Data supplied:
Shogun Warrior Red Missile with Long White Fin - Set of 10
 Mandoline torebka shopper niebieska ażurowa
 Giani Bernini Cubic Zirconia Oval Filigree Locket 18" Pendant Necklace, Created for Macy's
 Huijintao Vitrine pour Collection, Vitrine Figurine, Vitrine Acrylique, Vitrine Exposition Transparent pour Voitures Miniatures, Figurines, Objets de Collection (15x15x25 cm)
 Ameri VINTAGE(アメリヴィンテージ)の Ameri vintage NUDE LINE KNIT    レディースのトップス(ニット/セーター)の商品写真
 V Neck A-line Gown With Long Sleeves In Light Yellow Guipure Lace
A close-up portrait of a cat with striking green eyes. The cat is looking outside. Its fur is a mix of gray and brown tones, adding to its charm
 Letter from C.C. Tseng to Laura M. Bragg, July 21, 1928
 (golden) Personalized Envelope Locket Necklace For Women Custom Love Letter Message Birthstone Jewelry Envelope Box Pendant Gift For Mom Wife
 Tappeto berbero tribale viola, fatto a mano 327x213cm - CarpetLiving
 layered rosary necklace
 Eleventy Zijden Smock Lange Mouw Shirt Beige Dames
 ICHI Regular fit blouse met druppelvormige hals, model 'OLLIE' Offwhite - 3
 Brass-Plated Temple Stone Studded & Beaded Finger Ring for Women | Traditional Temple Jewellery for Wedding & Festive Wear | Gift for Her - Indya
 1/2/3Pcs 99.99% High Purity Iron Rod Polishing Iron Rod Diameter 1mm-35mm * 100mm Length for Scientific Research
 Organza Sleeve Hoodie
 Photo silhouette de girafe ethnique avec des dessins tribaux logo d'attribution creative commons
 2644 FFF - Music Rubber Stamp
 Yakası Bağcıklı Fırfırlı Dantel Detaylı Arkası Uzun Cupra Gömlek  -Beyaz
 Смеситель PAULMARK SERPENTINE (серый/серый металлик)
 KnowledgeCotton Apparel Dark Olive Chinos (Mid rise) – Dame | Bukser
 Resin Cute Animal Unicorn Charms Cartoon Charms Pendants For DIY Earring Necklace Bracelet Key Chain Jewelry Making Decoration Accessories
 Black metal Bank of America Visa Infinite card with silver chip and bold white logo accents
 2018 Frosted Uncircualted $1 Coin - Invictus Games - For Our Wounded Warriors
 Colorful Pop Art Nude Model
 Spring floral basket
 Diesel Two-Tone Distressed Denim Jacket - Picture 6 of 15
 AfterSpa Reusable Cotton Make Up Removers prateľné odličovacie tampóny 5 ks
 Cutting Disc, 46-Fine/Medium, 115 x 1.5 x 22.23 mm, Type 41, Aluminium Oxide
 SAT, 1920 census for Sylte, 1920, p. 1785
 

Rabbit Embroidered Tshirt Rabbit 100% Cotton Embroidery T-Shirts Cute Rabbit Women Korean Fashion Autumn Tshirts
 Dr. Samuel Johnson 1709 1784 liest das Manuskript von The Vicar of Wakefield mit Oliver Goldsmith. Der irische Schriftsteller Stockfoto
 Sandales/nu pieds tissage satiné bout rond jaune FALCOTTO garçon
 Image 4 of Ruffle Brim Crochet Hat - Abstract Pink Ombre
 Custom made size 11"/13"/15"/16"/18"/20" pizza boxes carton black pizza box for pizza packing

Assignment: All lines above from the line with "Giani Bernini Cubic" through the line with "Letter from C.C.", both included, are to be set down exactly, with nothing else.

Answer for this exercise:
 Giani Bernini Cubic Zirconia Oval Filigree Locket 18" Pendant Necklace, Created for Macy's
 Huijintao Vitrine pour Collection, Vitrine Figurine, Vitrine Acrylique, Vitrine Exposition Transparent pour Voitures Miniatures, Figurines, Objets de Collection (15x15x25 cm)
 Ameri VINTAGE(アメリヴィンテージ)の Ameri vintage NUDE LINE KNIT    レディースのトップス(ニット/セーター)の商品写真
 V Neck A-line Gown With Long Sleeves In Light Yellow Guipure Lace
A close-up portrait of a cat with striking green eyes. The cat is looking outside. Its fur is a mix of gray and brown tones, adding to its charm
 Letter from C.C. Tseng to Laura M. Bragg, July 21, 1928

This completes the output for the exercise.